While major corporations do have career development functions to help identify and promote talented personnel, do not leave your career growth to anyone else. Design your own career schedule and plan your own growth activities to assure that you achieve your objectives. While others may assist in your growth, you should be the one to make the critical decisions concerning your career.

There are several growth activities in which you can participate to continue building and expanding professional skills. Here are just a few:
 
  1. Memberships in professional groups.
  2. Continued education at colleges and universities.
  3. Professional seminars and workshops.
  4. In-house training and development.
  5. Correspondence programs.
  6. Professional reading.
  7. Community service activities.

After a while in your new position, indicate to your superior that your growth in the company requires a broader perspective of company operations. Request special projects or job-rotation assignments in other areas to help provide that broader perspective. Periodically get together with your supervisor and discuss opportunities for career growth; gain your boss's support in helping your career advancement.

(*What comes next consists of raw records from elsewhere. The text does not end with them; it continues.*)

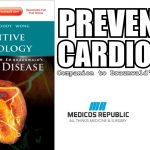 Preventive Cardiology: Companion to Braunwald's Heart Disease PDF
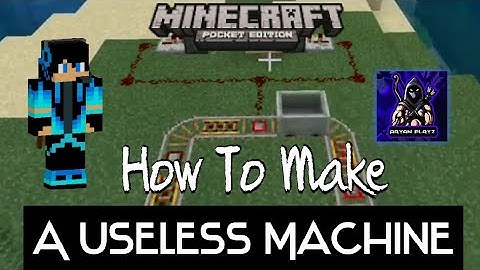How To Make a Cool Useless Machine in Minecraft PE.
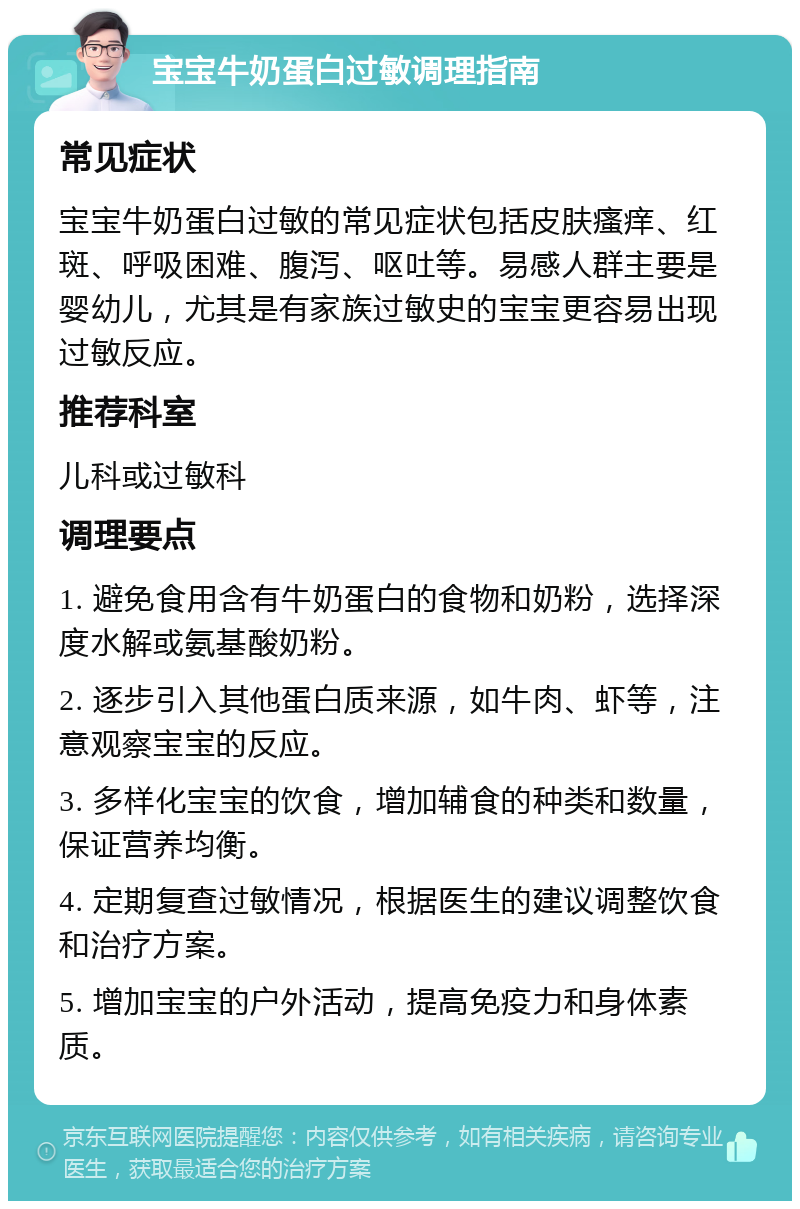 宝宝牛奶蛋白过敏调理指南 常见症状 宝宝牛奶蛋白过敏的常见症状包括皮肤瘙痒、红斑、呼吸困难、腹泻、呕吐等。易感人群主要是婴幼儿，尤其是有家族过敏史的宝宝更容易出现过敏反应。 推荐科室 儿科或过敏科 调理要点 1. 避免食用含有牛奶蛋白的食物和奶粉，选择深度水解或氨基酸奶粉。 2. 逐步引入其他蛋白质来源，如牛肉、虾等，注意观察宝宝的反应。 3. 多样化宝宝的饮食，增加辅食的种类和数量，保证营养均衡。 4. 定期复查过敏情况，根据医生的建议调整饮食和治疗方案。 5. 增加宝宝的户外活动，提高免疫力和身体素质。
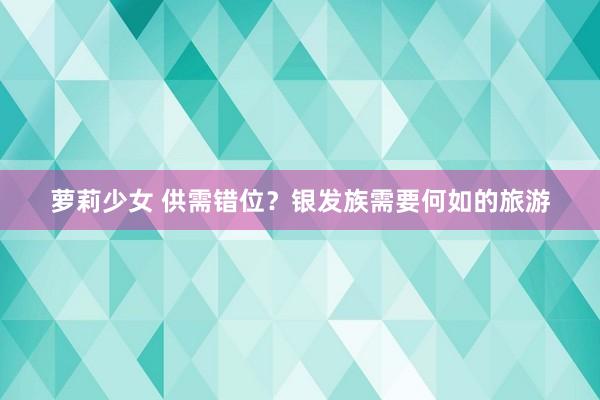 萝莉少女 供需错位？银发族需要何如的旅游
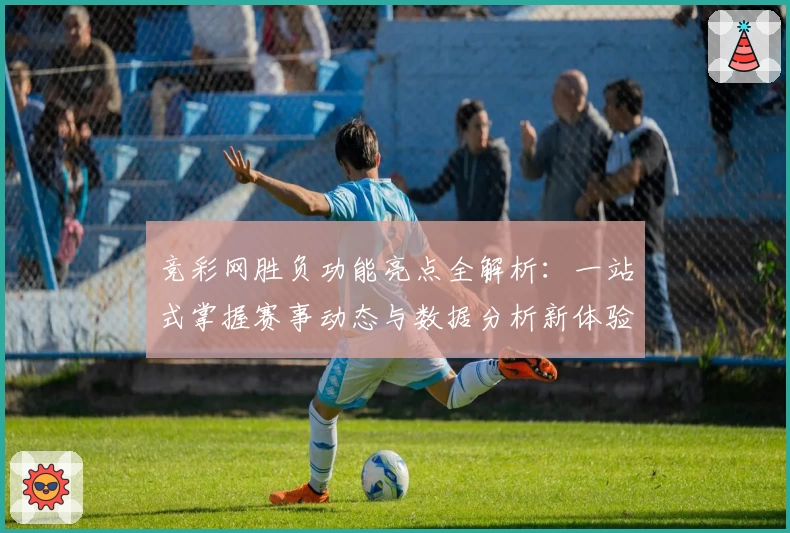 竞彩网胜负功能亮点全解析：一站式掌握赛事动态与数据分析新体验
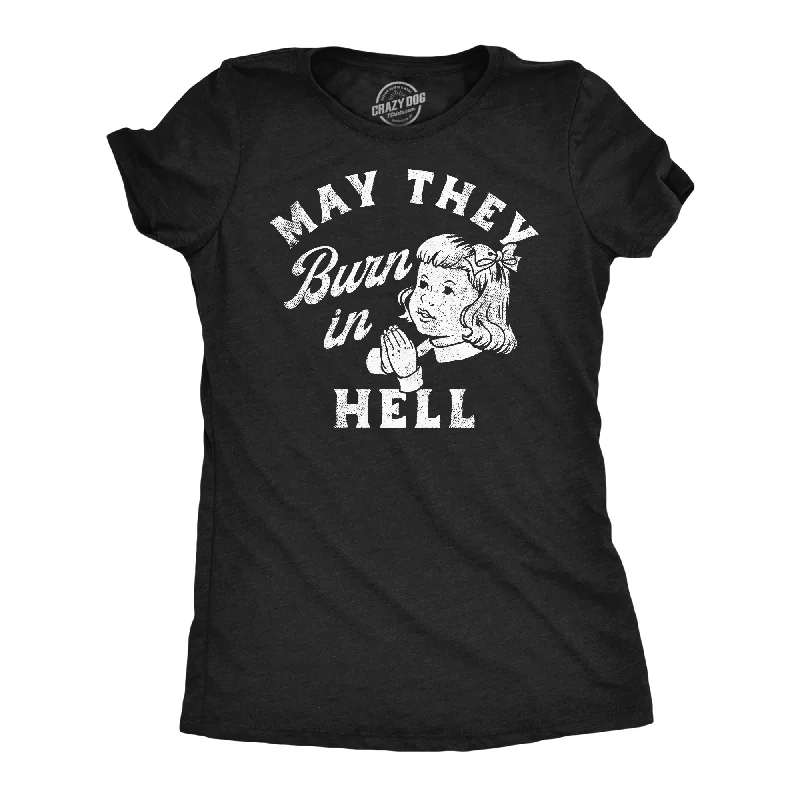 May They Burn In Hell Women's T Shirt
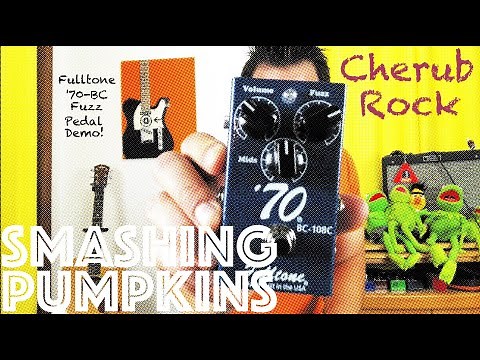 Guitar Lesson: How To Play Cherub Rock by Smashing Pumpkins + Fulltone '70-BC Fuzz Pedal Demo!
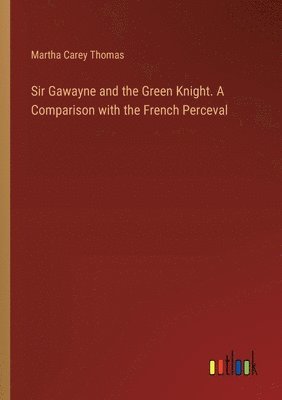 bokomslag Sir Gawayne and the Green Knight. A Comparison with the French Perceval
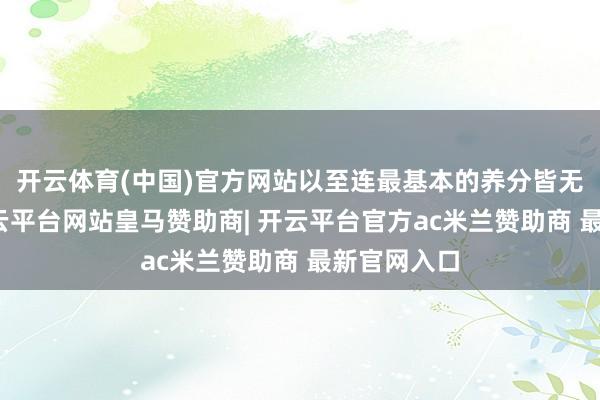 开云体育(中国)官方网站以至连最基本的养分皆无法保证-开云平台网站皇马赞助商| 开云平台官方ac米兰赞助商 最新官网入口
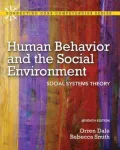 Human Behavior and the Social Environment: Social Systems Theory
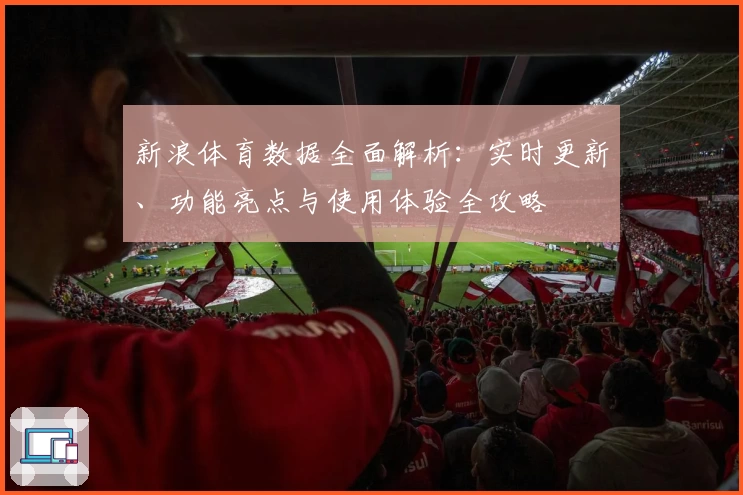 新浪体育数据全面解析：实时更新、功能亮点与使用体验全攻略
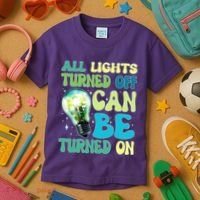All Lights Turned Off Can Be Turned On Kids T-Shirt thumb 3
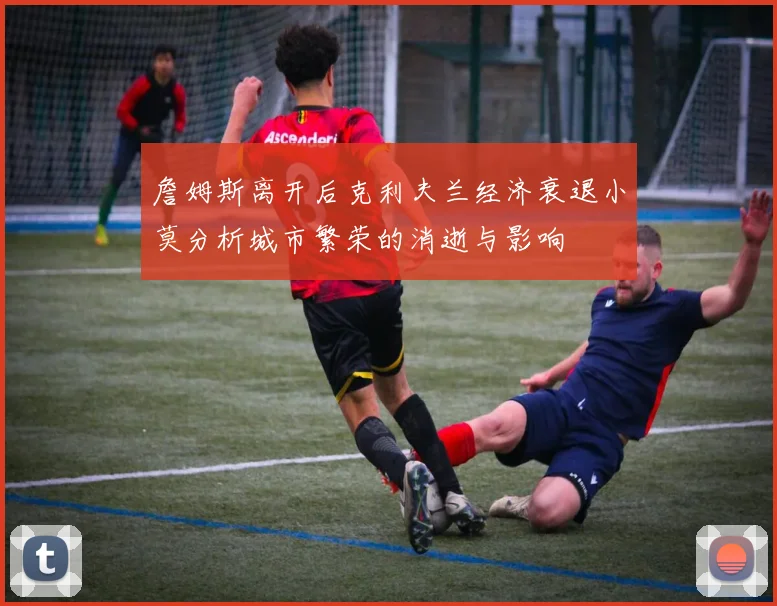 詹姆斯离开后克利夫兰经济衰退小莫分析城市繁荣的消逝与影响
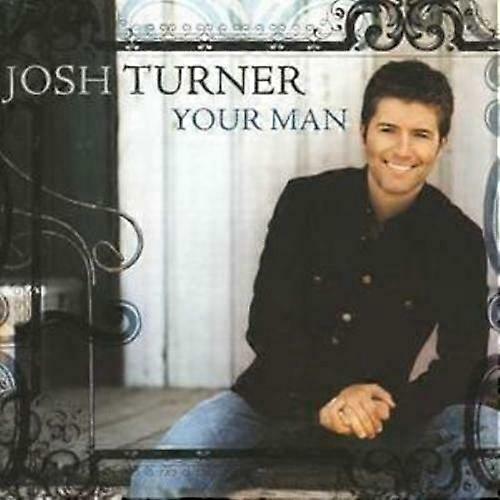 Josh Turner Your Man CD (2005)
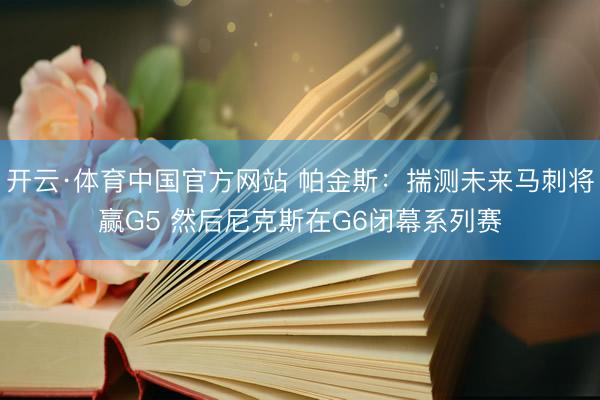 开云·体育中国官方网站 帕金斯：揣测未来马刺将赢G5 然后尼克斯在G6闭幕系列赛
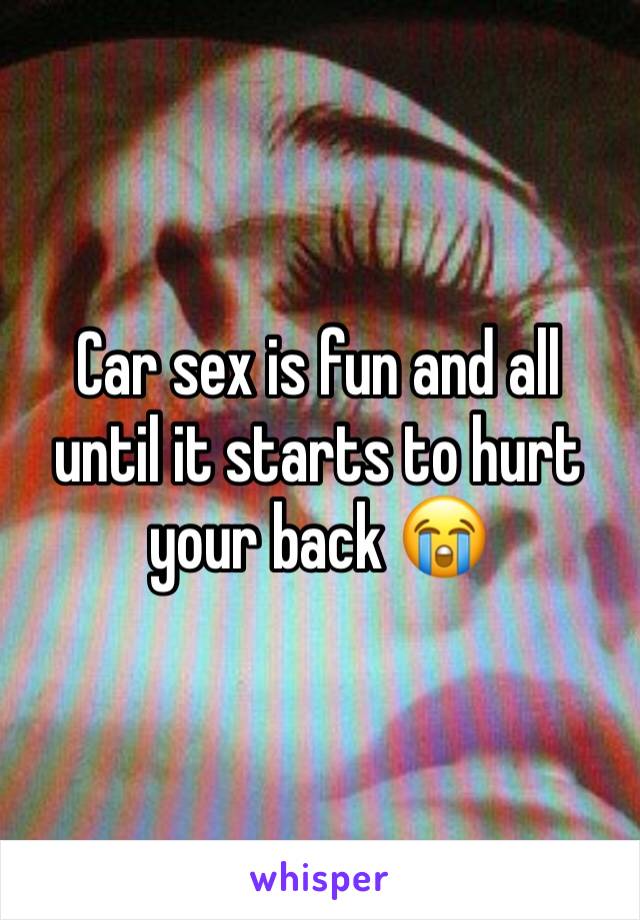 Car sex is fun and all until it starts to hurt your back 😭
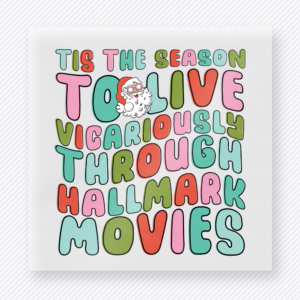 Tis the Season to Tolerate Vigorously Through Hallmark Movies Christmas DTF transfer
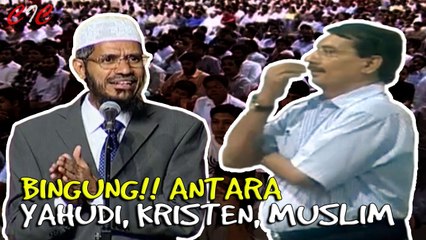 "DR ZAKIR NAIK" BINGUNG!! ANTARA YAHUDI, KRISTEN DAN MUSLIM, PERTANYAAN SEORANG BAPAK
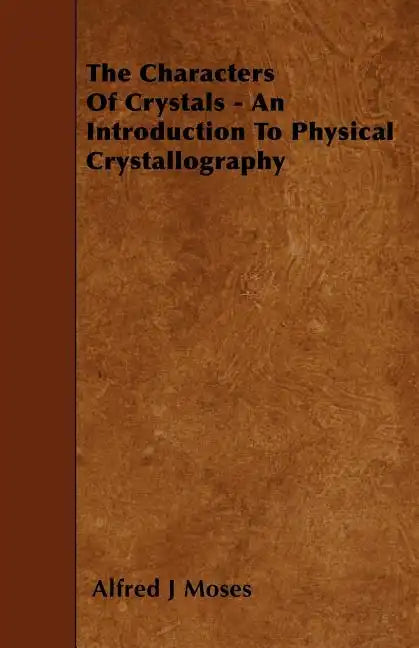 The Characters Of Crystals - An Introduction To Physical Crystallography - Paperback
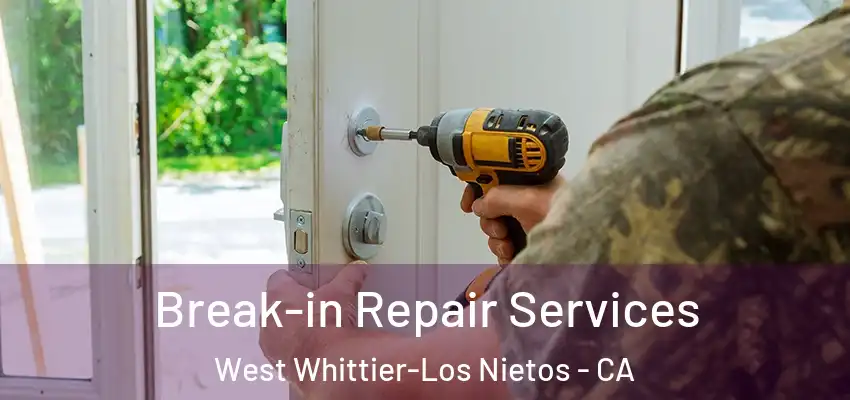 Break-in Repair Services West Whittier-Los Nietos - CA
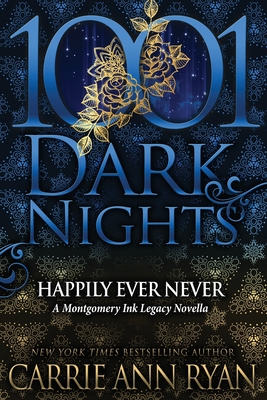 Happily Ever Never: A Montgomery Ink Legacy Novella - Carrie Ann Ryan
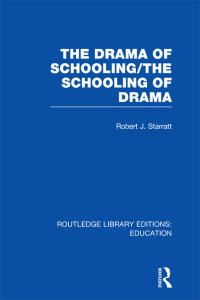 Imagen de portada: The Drama of Schooling: The Schooling of Drama 1st edition 9780415750431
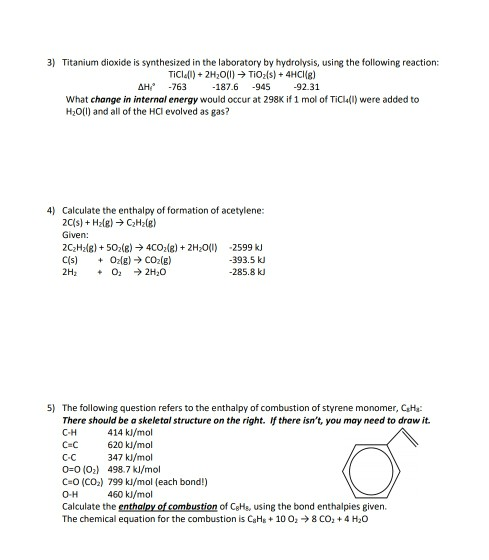 3) Titanium dioxide is synthesized in the laboratory by hydrolysis, using the following reaction: н,--763 187.6 -945 -92.31 W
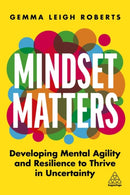 Mindset Matters : Developing Mental Agility and Resilience to Thrive in Uncertainty-9781398604841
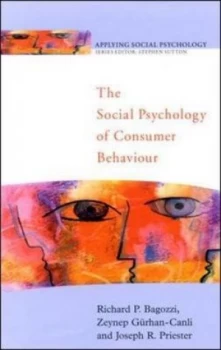 Image of The Social Psychology of Consumer Behaviour by Richard Bagozzi Paperback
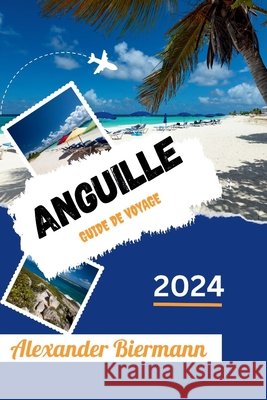 Anguille Guide de Voyage 2024 Alexander Biermann 9798327402478 Independently Published - książka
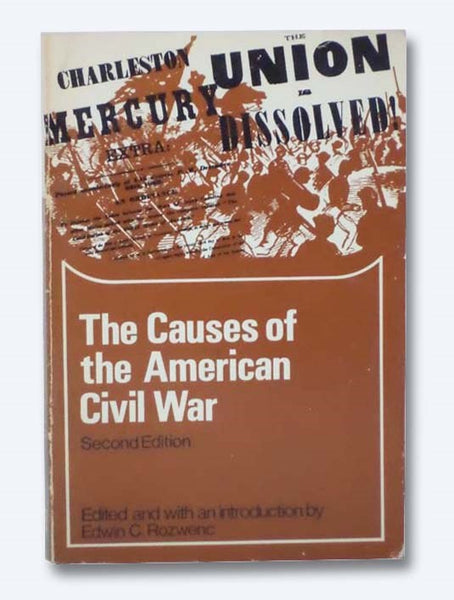 The Causes of the American Civil War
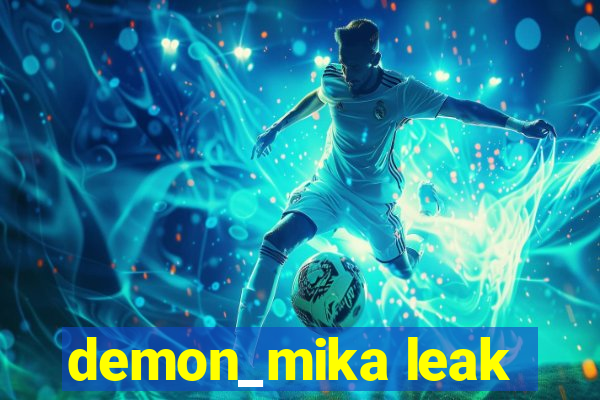 demon_mika leak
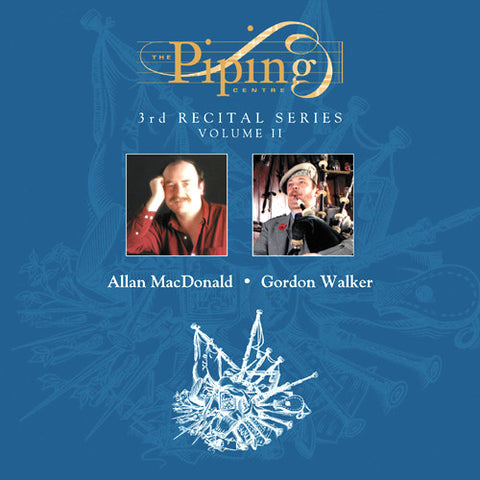 Allan MacDonald and Gordon Walker - The Piping Centre Third Recital Series (1998) - Vol. II
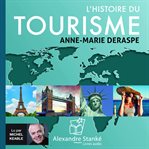 L'histoire du tourisme cover image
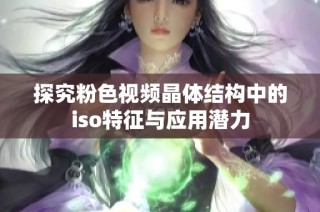 探究粉色视频晶体结构中的iso特征与应用潜力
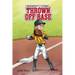 Thrown Off Base
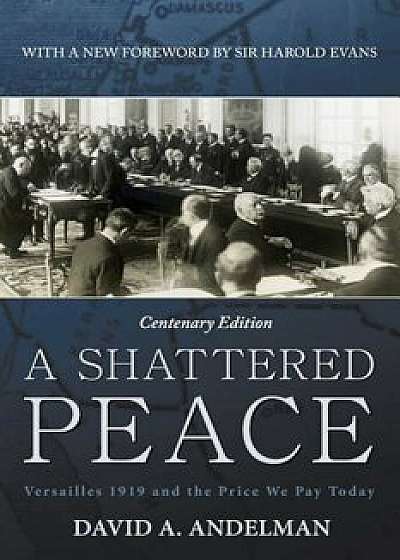 A Shattered Peace: Versailles 1919 and the Price We Pay Today, Paperback/David A. Andelman
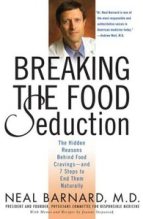 Книга - Нил  Барнард - Преодолеваем пищевые соблазны. Скрытые причины пищевых пристрастий и 7 шагов к естественному освобождению от них (fb2) читать без регистрации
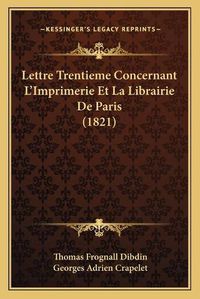 Cover image for Lettre Trentieme Concernant L'Imprimerie Et La Librairie de Paris (1821)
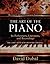 The Art of the Piano: Its P...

Whenever possible, offer your talents to superiors in the undertaking of research, the preparation of important reports, and even the delivery of oral presentations before company executives. In every way make yourself an indispensable member of your organization and earn the respect that will advance your career according to schedule.

Also whenever possible, try to get your employer to finance your growth activities. The fact is that many companies do have money or programs available for supporting the education and training of interested and talented career-oriented employees.

Stage 5: Contingency Planning

"Even the best-laid plans of mice and men do go astray." Monitor your career schedule regularly to assure that your career goals are being achieved and that the necessary growth activities are being provided. At any point in your new career you should be able to stop everything, sit back, evaluate the situation objectively, and say either ''Everything is on schedule and I can continue" or ''Something is not right and I must do something about it." 

What can go wrong? The answer is, "Anything." By continual monitoring of your career schedule, you can often detect a problem before it becomes irreparable. For example, you may realize that because of a pending reorganization or consolidation of departments in your company, your job will soon be phased out; or, a new superior and you are in a constant state of conflict, and you will have to be the one to go; or, the position you were shooting for has just been taken by another who is likely to block your advancement; or, because of unexpected personal family problems, you must make a move to Arizona.

In any of these situations viable solutions do exist and can be found if you start thinking in terms of "contingency planning" now and prepare for the worst. Then if the worst does occur, you will have considered alternative jobs in the same organization or in other organizations or alternative growth activities for achieving career objectives.

Contingency planning is an ongoing process, starting before the actual career change and continuing throughout your career. Learn to think in terms of "options" and 'alternatives" and this will surely help you overcome minor career obstacles and cope with major career changes.